Return all the lines below, exactly as they read.

┌─ Recorded data

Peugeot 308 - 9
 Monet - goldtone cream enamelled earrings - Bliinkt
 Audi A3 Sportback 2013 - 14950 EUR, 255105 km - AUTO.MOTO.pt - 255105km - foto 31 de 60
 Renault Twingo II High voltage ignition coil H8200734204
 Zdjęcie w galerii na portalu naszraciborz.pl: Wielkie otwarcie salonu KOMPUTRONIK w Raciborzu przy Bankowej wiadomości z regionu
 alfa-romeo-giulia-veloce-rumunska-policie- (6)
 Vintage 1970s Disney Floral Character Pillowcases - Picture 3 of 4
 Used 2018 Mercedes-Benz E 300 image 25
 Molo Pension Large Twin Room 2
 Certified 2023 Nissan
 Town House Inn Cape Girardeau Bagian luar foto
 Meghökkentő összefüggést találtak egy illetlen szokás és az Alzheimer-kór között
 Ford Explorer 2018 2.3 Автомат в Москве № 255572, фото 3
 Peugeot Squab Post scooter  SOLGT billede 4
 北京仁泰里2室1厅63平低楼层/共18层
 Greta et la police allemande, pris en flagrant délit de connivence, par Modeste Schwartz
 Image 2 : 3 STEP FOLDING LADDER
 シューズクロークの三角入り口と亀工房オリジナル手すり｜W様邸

└─

● Output:
Peugeot 308 - 9
 Monet - goldtone cream enamelled earrings - Bliinkt
 Audi A3 Sportback 2013 - 14950 EUR, 255105 km - AUTO.MOTO.pt - 255105km - foto 31 de 60
 Renault Twingo II High voltage ignition coil H8200734204
 Zdjęcie w galerii na portalu naszraciborz.pl: Wielkie otwarcie salonu KOMPUTRONIK w Raciborzu przy Bankowej wiadomości z regionu
 alfa-romeo-giulia-veloce-rumunska-policie- (6)
 Vintage 1970s Disney Floral Character Pillowcases - Picture 3 of 4
 Used 2018 Mercedes-Benz E 300 image 25
 Molo Pension Large Twin Room 2
 Certified 2023 Nissan
 Town House Inn Cape Girardeau Bagian luar foto
 Meghökkentő összefüggést találtak egy illetlen szokás és az Alzheimer-kór között
 Ford Explorer 2018 2.3 Автомат в Москве № 255572, фото 3
 Peugeot Squab Post scooter  SOLGT billede 4
 北京仁泰里2室1厅63平低楼层/共18层
 Greta et la police allemande, pris en flagrant délit de connivence, par Modeste Schwartz
 Image 2 : 3 STEP FOLDING LADDER
 シューズクロークの三角入り口と亀工房オリジナル手すり｜W様邸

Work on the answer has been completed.